With the experience of the previous projects, they created Suprema Fortuna (Supreme Fortune), another application that uses data journalism to reveal the personal assets of national judges.

Another of Ojo Público's outstanding investigations, which won the Third Latin American Award for Investigative Journalism in 2016, is Memoria Robada (Stolen Memories).

This was the first major regional investigation designed by Ojo Público. It represented an innovative effort to highlight the scale of trafficking in cultural heritage in Latin America.

It was a collaboration with reporters from various Latin American media outlets like Plaza Pública in Guatemala, La Nación in Costa Rica, Chequeado in Argentina and Animal Político in Mexico.

Future projects

As for new formats, Fabiola Torres, also a co-founder of Ojo Público, told the Knight Center that they are exploring news games to tell complex stories.

For this, they have sought the help of video game developers and producers in Lima who have experience in the subject.

“We have two issues related to abuses of corporate power– which is one of Ojo-Público.com's lines of investigation – that have potential for this format, and it is possible to develop them this year,” Torres said.

Ojo Público's idea is to enable anyone to experience, through play, – in this case, an interactive simulator – the type of abuse that other citizens are subjected to in real life, Hidalgo explained. The game, Hidalgo continued, would show the real dimension of the case in a different way than reading the hard data of a report.

“Unlike other news games, our idea is that we do not necessarily invent a situation, but that the game is as close as possible to real cases investigated by our team,” he said.

Additionally, Hidalgo revealed that they are working on another story in this format that is somewhat more oriented to the political, related to recent cases of corruption in the country.

 

Workshops and training guides

Promoting journalistic excellence and best practices in the trade is another goal of Ojo Público, its cofounder and director Óscar Castilla told the Knight Center.

“In this way, this year we launched OjoLab (@OjoLab in Twitter), Ojo Público’s training, exchange, innovation and experimentation program that promotes the exchange of knowledge and skills among journalists, technologists, programmers, designers and civil society leaders interested in generating urgent and public service stories in innovative formats,” Castilla said.

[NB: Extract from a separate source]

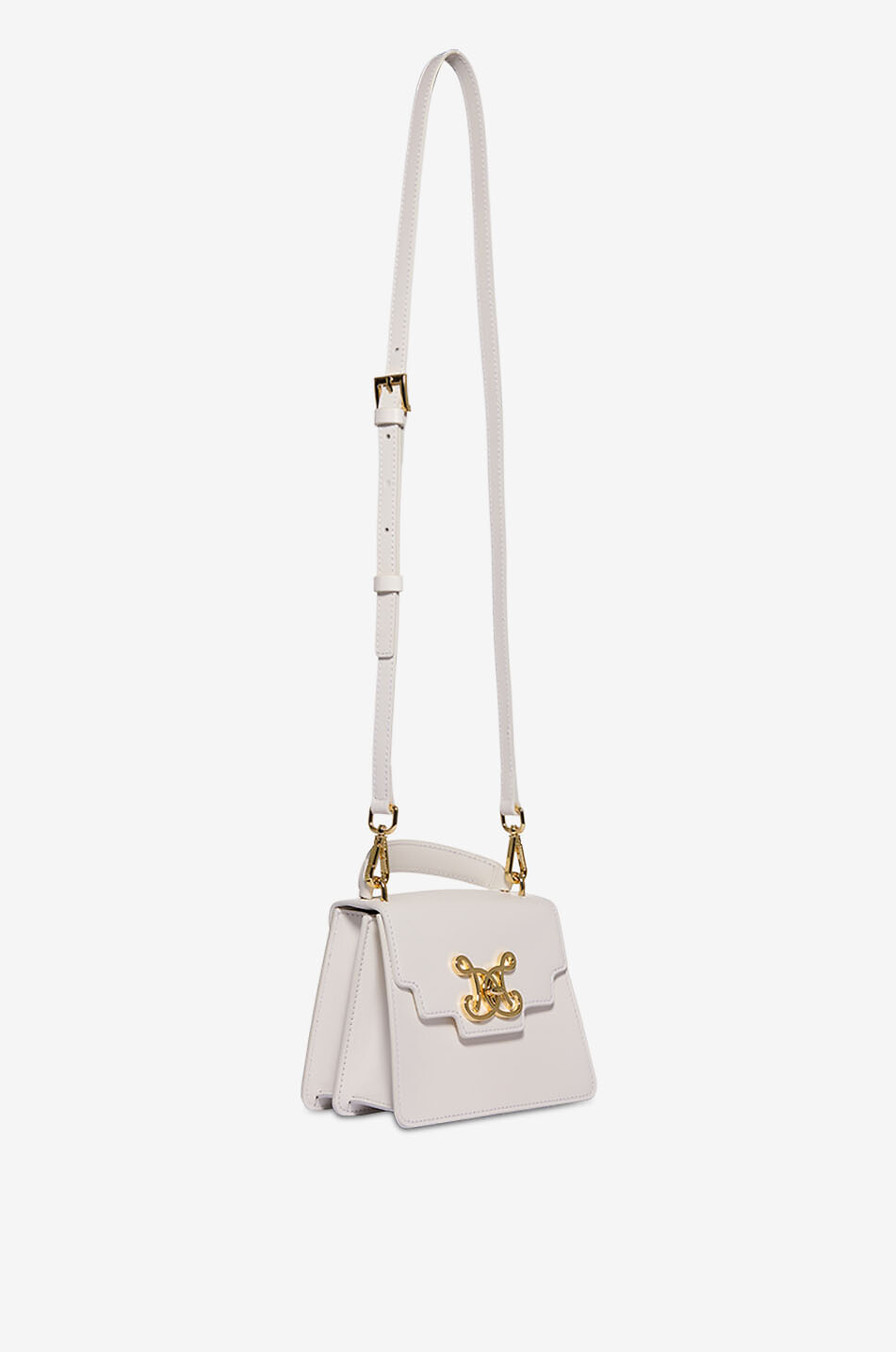 DE MARQUET Sac à main en cuir à monogramme Signature Baby Femme BLANC CASSE 5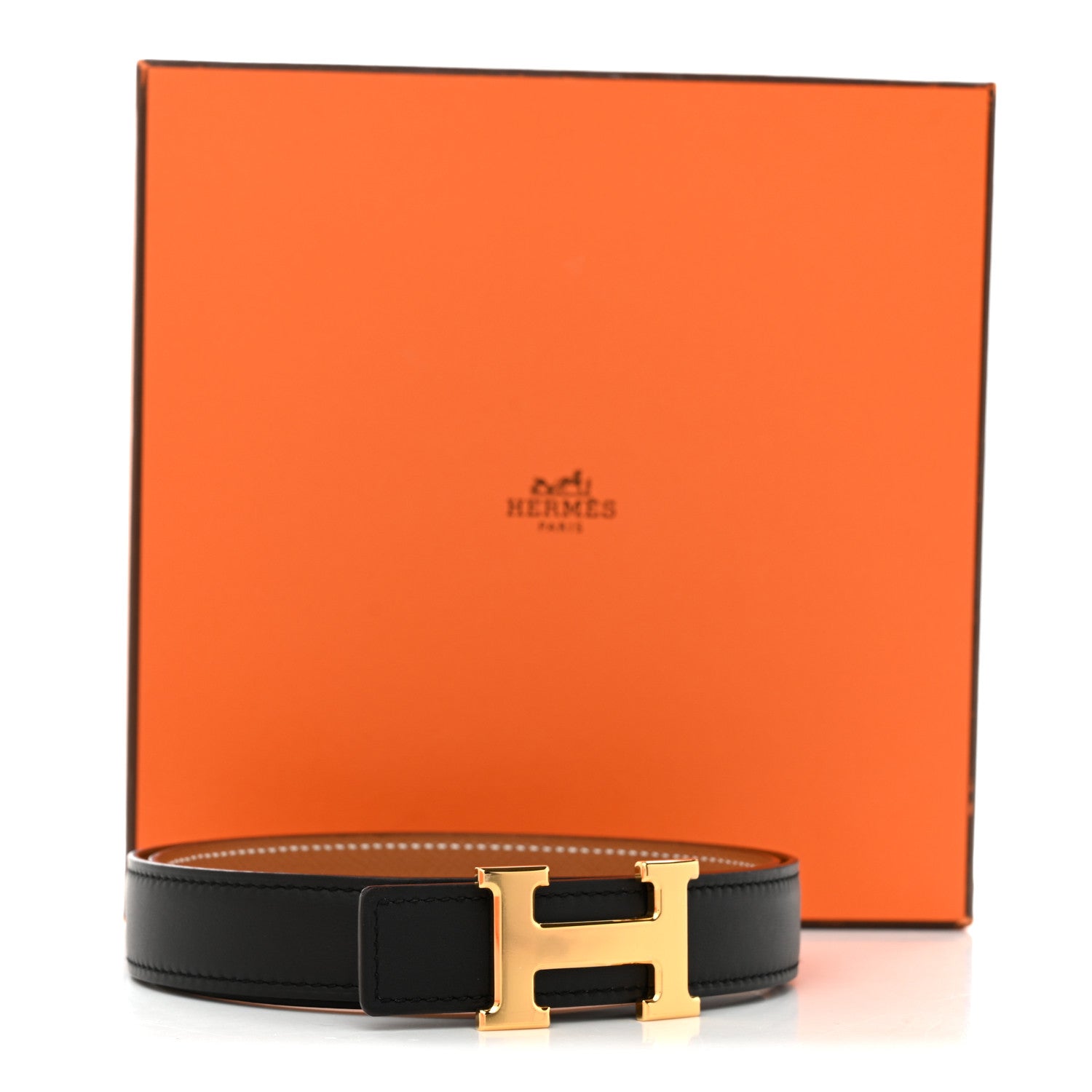 Hermes Swift Epsom 24mm Mini Constance H Belt 75 Black Gold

The OjoLab program includes several training modules ranging from investigative journalism methodology, digital tools, database construction and analysis, NewsApps development, disruptive news formats, fact checking and journalism business models, Luna added.

This program is aimed at students, journalists, technologists, academics and civil society members. The first Lab “Narrate from data” was held between March 13 and 15 in El Salvador and was supported by well-known digital investigative journalism site El Faro. Fifteen journalists from Central America participated, and 10 of them were selected and given scholarships thanks to support from the Dutch organization Hivos, with the collaboration of Accese, an organization that promotes projects on issues related to energy sustainability.

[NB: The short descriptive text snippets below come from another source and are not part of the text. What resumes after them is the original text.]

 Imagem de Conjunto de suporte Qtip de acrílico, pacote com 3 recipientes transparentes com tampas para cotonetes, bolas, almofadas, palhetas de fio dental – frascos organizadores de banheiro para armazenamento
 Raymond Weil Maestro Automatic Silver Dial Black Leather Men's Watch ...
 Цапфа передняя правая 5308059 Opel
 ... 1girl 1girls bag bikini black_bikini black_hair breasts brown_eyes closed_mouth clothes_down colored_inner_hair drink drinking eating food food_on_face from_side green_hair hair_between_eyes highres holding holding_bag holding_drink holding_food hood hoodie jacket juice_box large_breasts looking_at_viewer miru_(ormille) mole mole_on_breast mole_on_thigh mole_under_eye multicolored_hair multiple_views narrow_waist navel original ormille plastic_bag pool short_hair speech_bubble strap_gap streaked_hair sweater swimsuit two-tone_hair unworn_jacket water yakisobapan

According to Hidalgo, widening knowledge is one of the founding principles of Ojo Público. “That is why we have given investigation or data verification workshops in Peru as well as other countries of the region.”

With that same idea, they launched “La Navaja Suiza del Reportero” (The Swiss Army Knife for Journalists), which, according to Hidalgo, is now used in communication programs in universities in Argentina, Ecuador and Mexico. They also translated the book, which is digitally available, to English.

Recently, they launched the digital guide “Por la boca muere el pez” (The Fish Dies By its Mouth), which promotes fact checking the news. “As in every laboratory of ideas, the sense of success lies in our proposals being incorporated to the best standards of the profession,” Hidalgo said.

Sources of funding

Regarding the business model of Ojo Público, Castilla explained that it is based on three clearly established sources: financing through international cooperation with organizations that share their editorial line, providing technology implementation services linked to data analysis and visualization, and finally, offering laboratories of investigative and data journalism in Peru and abroad, like the latest development with the investigative journalists in El Salvador.

“If we speak in percentages, 70 percent of our income depends, on average, in the first modality and more than 20 percent in the second source of financing,” Castilla said.